Work item :: When you write out the listing below, keep each word exactly as it stands and drop the pictures.

Task material ::

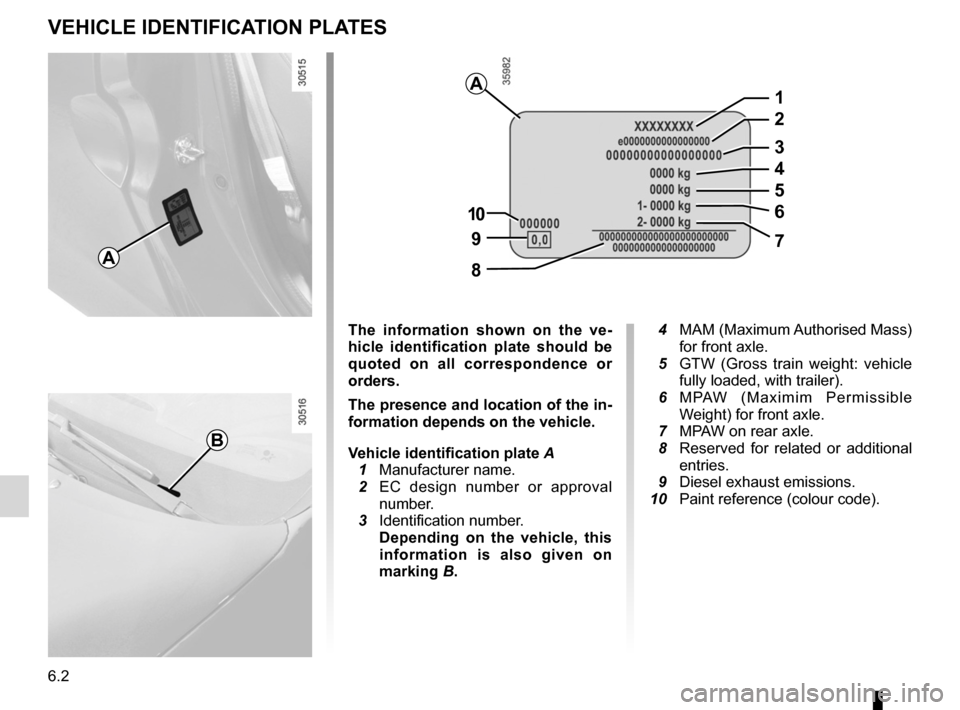 RENAULT WIND 2012 1.G Owners Manual vehicle identification ............................. (up to the end of the DU)
paintwork reference  .......................................................... (current page)
vehicle identification pla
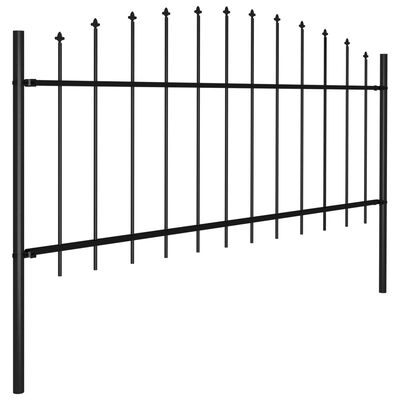 vidaXL Gard de grădină cu vârf suliță, negru, 10,2 m, oțel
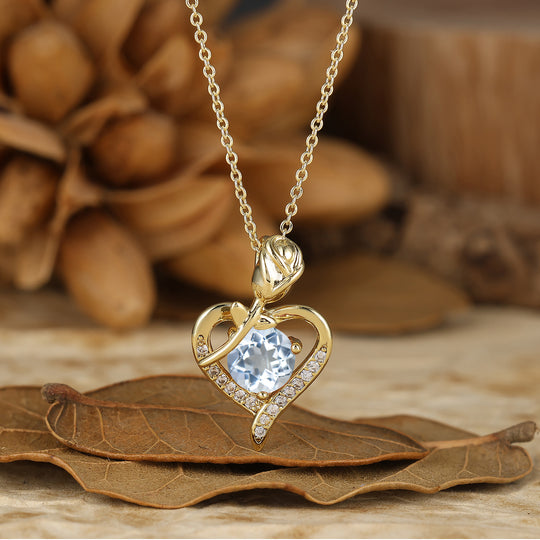 Natural Moss Agate Collana con Motivo a Cuore Pendente Floreale Rosa per Lei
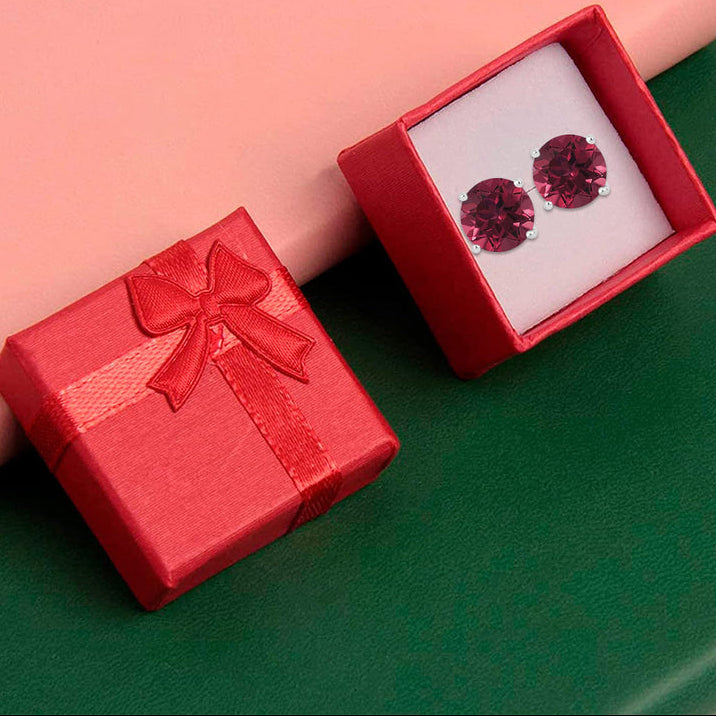 10k White Gold Plated 1 Ct Round Created Ruby Stud Earrings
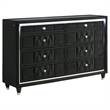 Coaster Lorient 4-Piece Velvet Queen LED Bedroom Set in Black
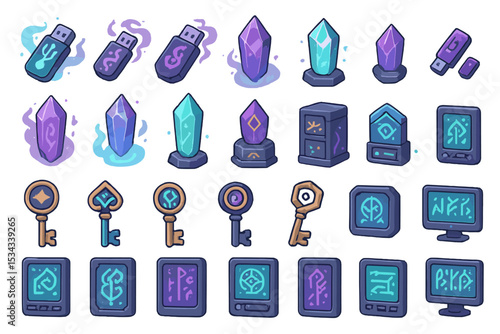 Fantasy digital artifact icon set with crystals, keys, and tablets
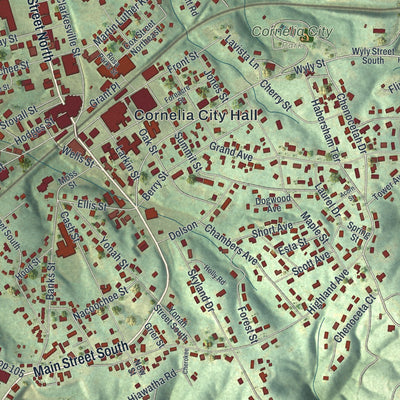 Close-up 1 of the Cornelia, Georgia map artwork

Finished task ::
 RENAULT WIND 2012 1.G Owners Manual vehicle identification ............................. (up to the end of the DU)
paintwork reference  .......................................................... (current page)
vehicle identification pla
 vidaXL Gard de grădină cu vârf suliță, negru, 10,2 m, oțel
 Natural Moss Agate Collana con Motivo a Cuore Pendente Floreale Rosa per Lei
 10k White Gold Plated 1 Ct Round Created Ruby Stud Earrings
 Coaster Lorient 4-Piece Velvet Queen LED Bedroom Set in Black
 Fantasy digital artifact icon set with crystals, keys, and tablets
 Close-up 1 of the Cornelia, Georgia map artwork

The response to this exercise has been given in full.